Note that attempting to cast a NamedTuple subclass into a dictionary using the dict class attempts to convert only the tuple properties into the dictionary and gives a TypeError.

_replace will create a new instance using replaced field names. In this example only the field name year is replaced:

In [33]:
yesterday._replace(year=2024)

DateTuple(day=14, month=3, year=2024)

\_make is a class method which will create a new instance from a tuple

In [34]:
t1 = (17, 3, 2024)
DateTuple._make(t1)

DateTuple(day=17, month=3, year=2024)

tuple and dict unpacking can also be used for this purpose:

In [35]:
t1 = (17, 3, 2024)
DateTuple(*t1)

DateTuple(day=17, month=3, year=2024)

In [36]:
d1 = {'day': 17, 'month': 3, 'year': 2024}
DateTuple(**d1)

DateTuple(day=17, month=3, year=2024)

The \_\_module\_\_ data model attribute will give the module that the DateTuple class template was defined in.

In [37]:
DateTuple.__module__

'__main__'

The \_\_match_args\_\_ data model attribute is the same as the internal attribute _fields but is used during instantiation to make sure the field names are correct:

In [38]:
DateTuple.__match_args__

('day', 'month', 'year')

In [39]:
yesterday._fields

('day', 'month', 'year')

The data model identifier \_\_slots\_\_ is used for memory management optimisation, saving space in objects and is not typically used by the end user as an attribute:

In [40]:
DateTuple.__slots__

()

The formal string is updated to match the initialisation signature of the DateTuple.
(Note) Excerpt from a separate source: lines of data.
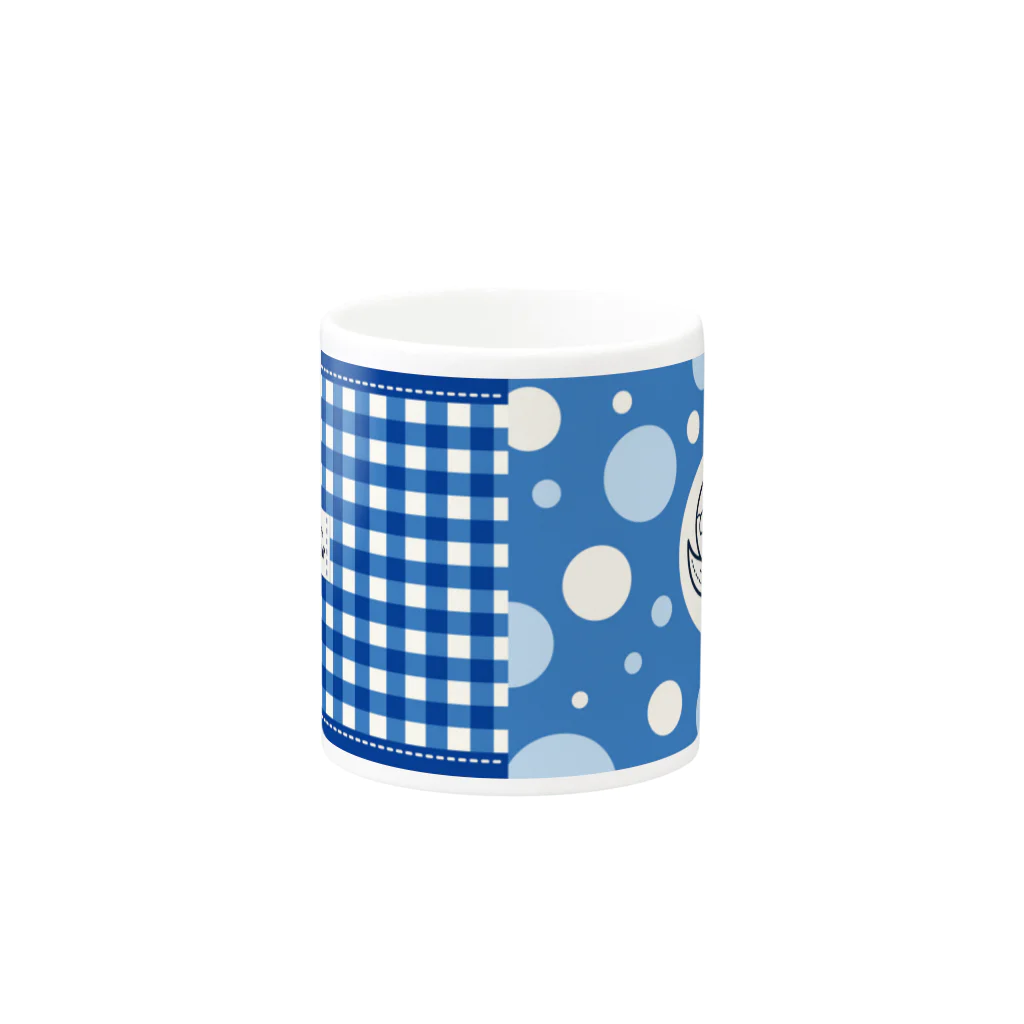 鈴蘭小道の鈴蘭マグカップ Mug :other side of the handle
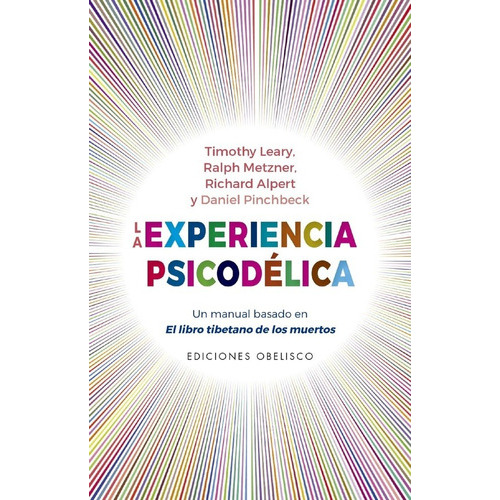 Experiencia Psicodélica, La (nuevo) - Vv. Aa., De Vv. Aa.. Editorial Ediciones Obelisco Sl En Español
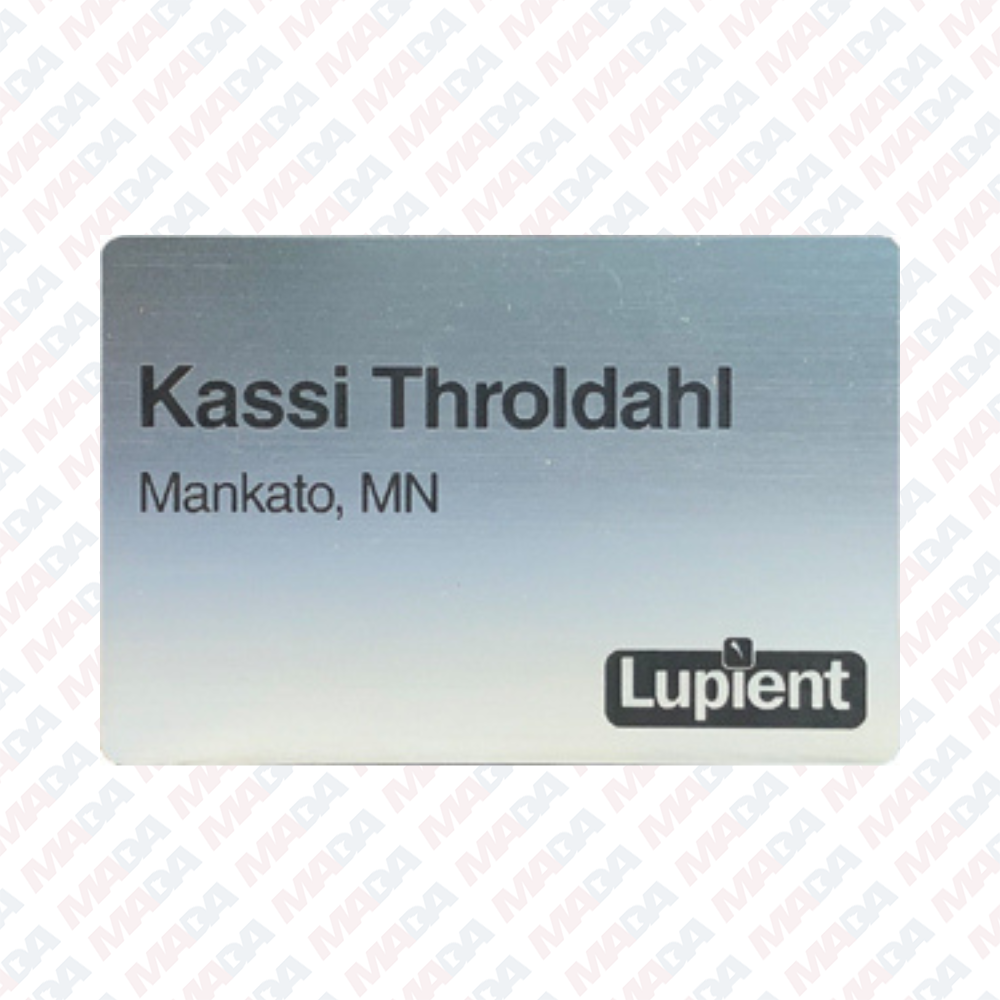 Name Badge - Lupient (1 pack)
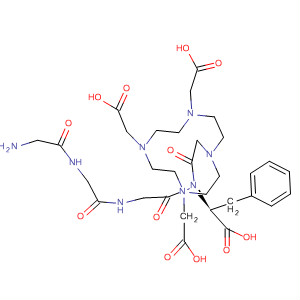 L-Phenylalanine,N-[[4,7,10-tris(carboxymethyl)-1,4,7,10-tetraazacyclododec-1-yl]acetyl]glycylglycylglycyl-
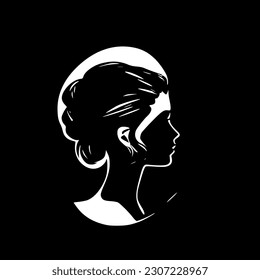 Women | Black and White Vector illustration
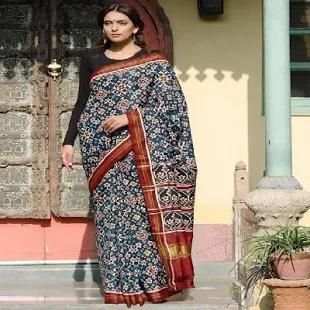 Patola Saree Designs & Styles स्क्रीनशॉट 2
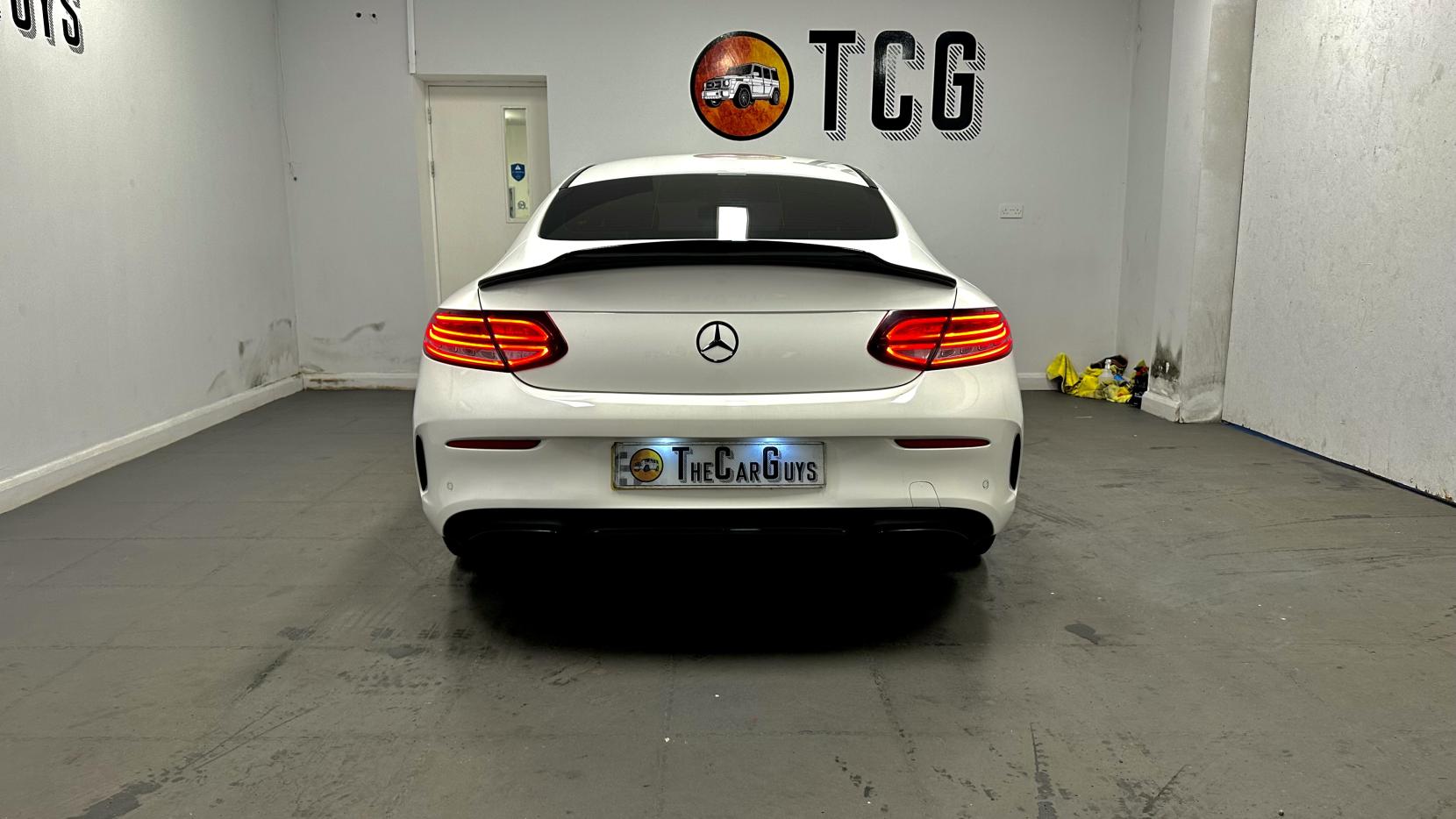 Mercedes-Benz C Class 1.5 C200 MHEV AMG Line Coupe 2dr Petrol G-Tronic+ Euro 6 (s/s) (198 ps)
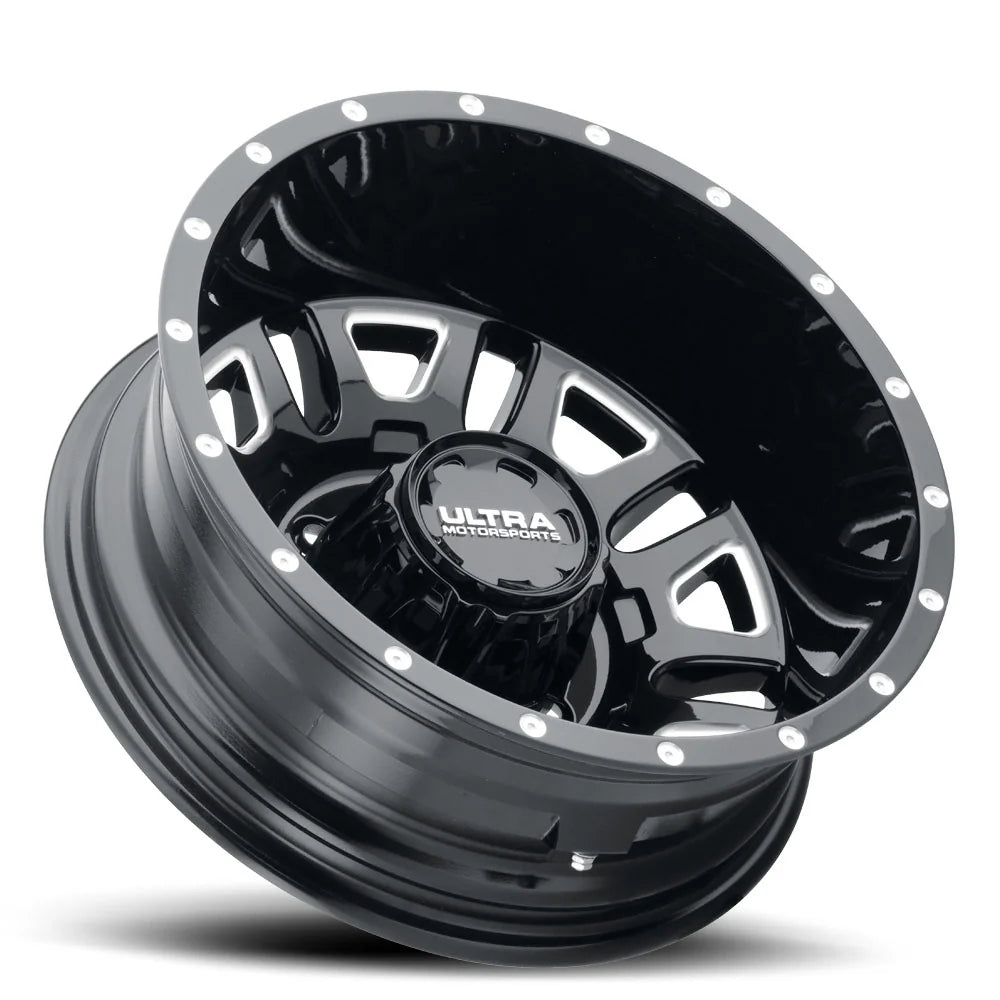 003-7692RBM 17X6.5 8X200 (-140) ULT 003RBM Hunter Dually (HB 142.3)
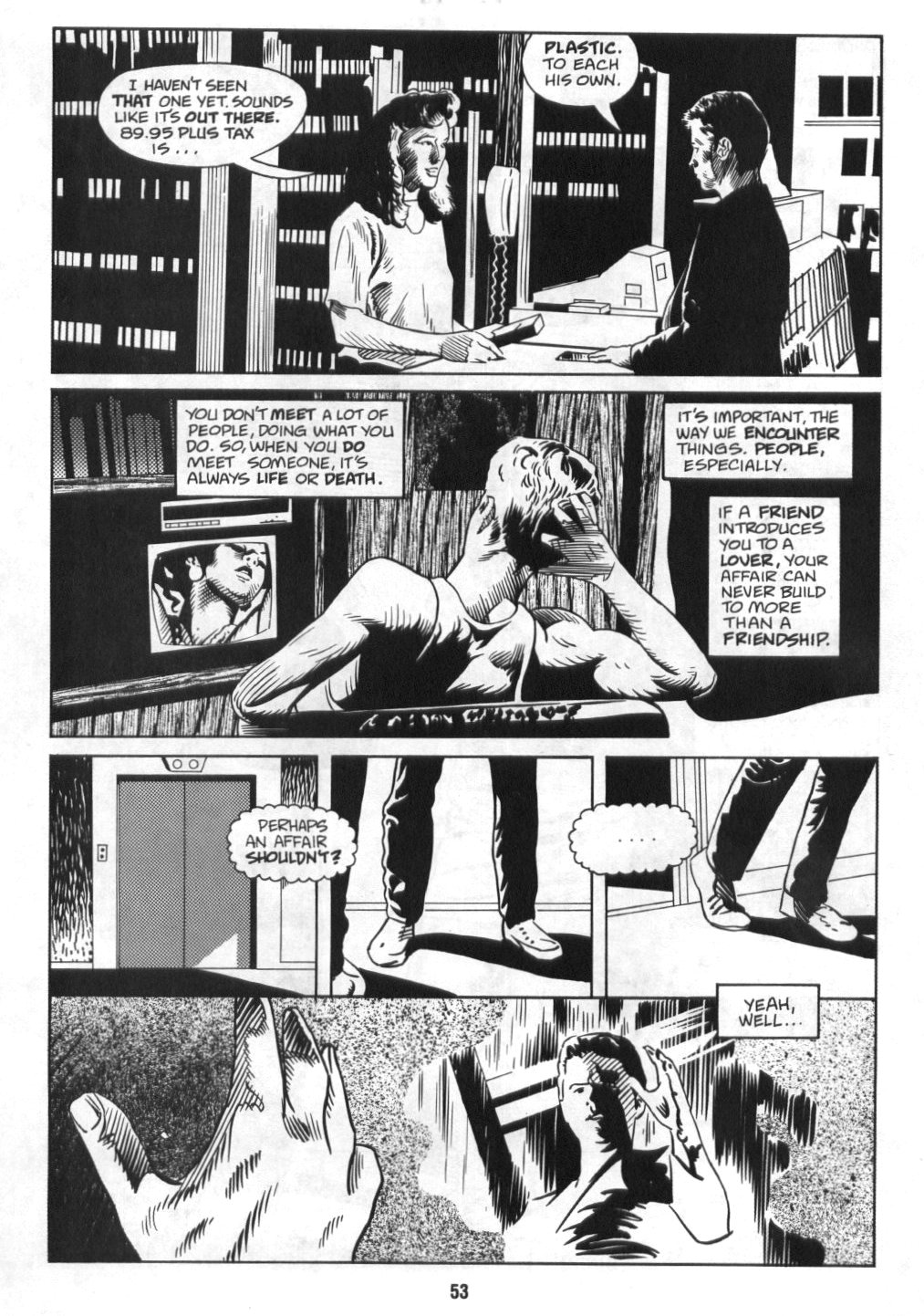 Read online Taboo comic -  Issue #3 - 55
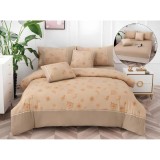 Cumpara ieftin Lenjerie Bumbac Fin, 6 Piese cu Elastic, Ambalate in Cutie, Punga Cadou - PIT335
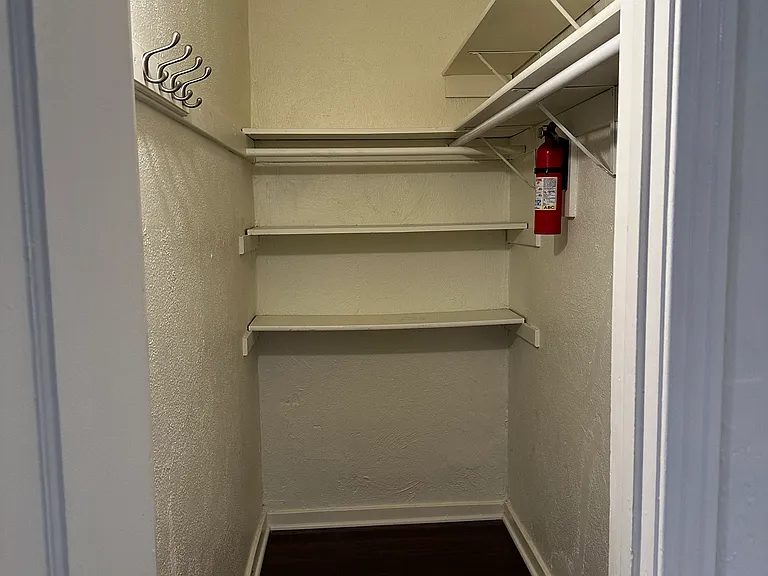 Large living room closet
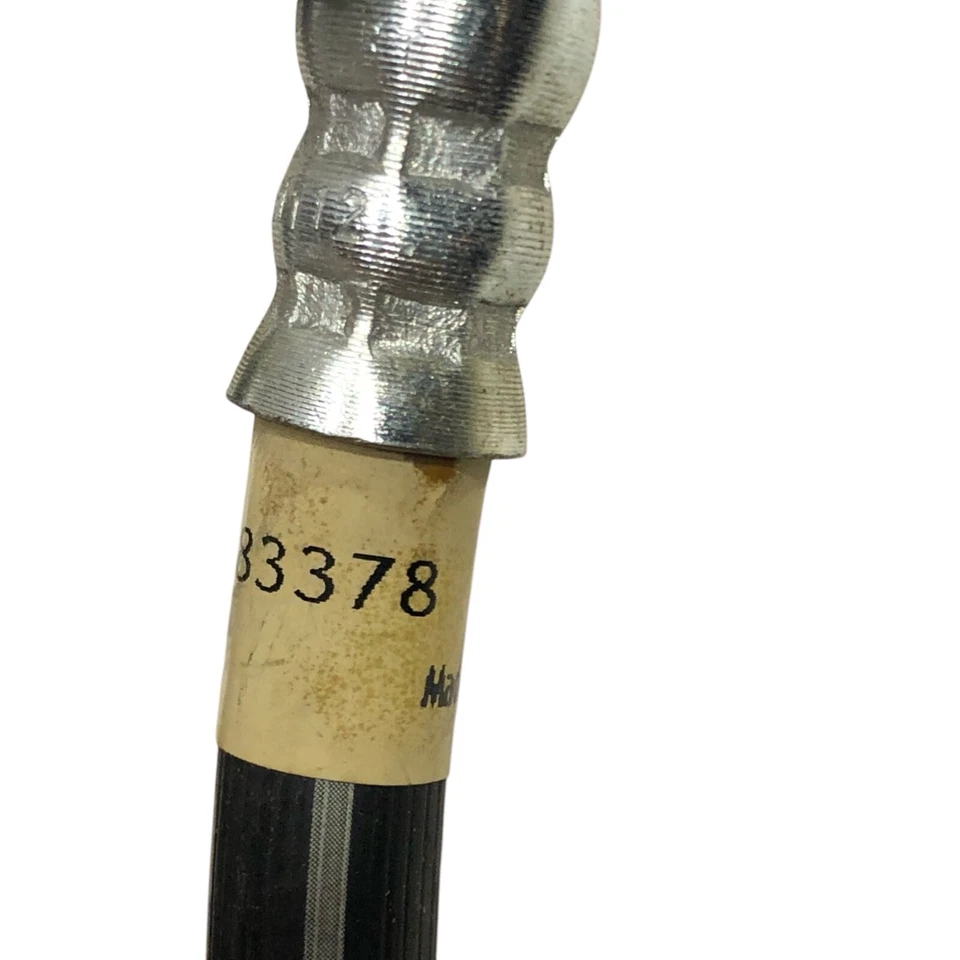 Mangueira de freio traseira Napa 683701 substitui BH383378 para modelos selecionados Freightliner - Imagem 3 de 4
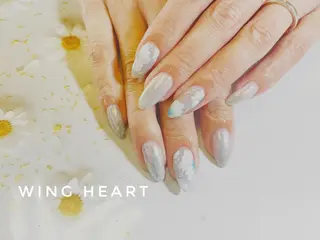 ミディアム ネイル H NANAのネイルデザイン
Recall this is defined using the data model identifier \_\_repr\_\_ data model identifier which controls the behaviour of the builtins function repr:

In [41]:
repr(today)

'DateTuple(day=14, month=3, year=2023)'

The formal and informal string representation match:

In [42]:
str(today)

'DateTuple(day=14, month=3, year=2023)'

The field names provided to the namedtuple factory function, as mentioned should follow the rules behind Python objects. By default, rename is False and therefore when an invalid object name is assigned a ValueError is given. 

If this is assigned to True, the bad names will be renamed:

In [43]:
CustomNamedTuple = namedtuple('CustomNamedTuple', 
                              ('goodname', 'bad name', 'bad name 2', '3bad name'),
                              rename=True)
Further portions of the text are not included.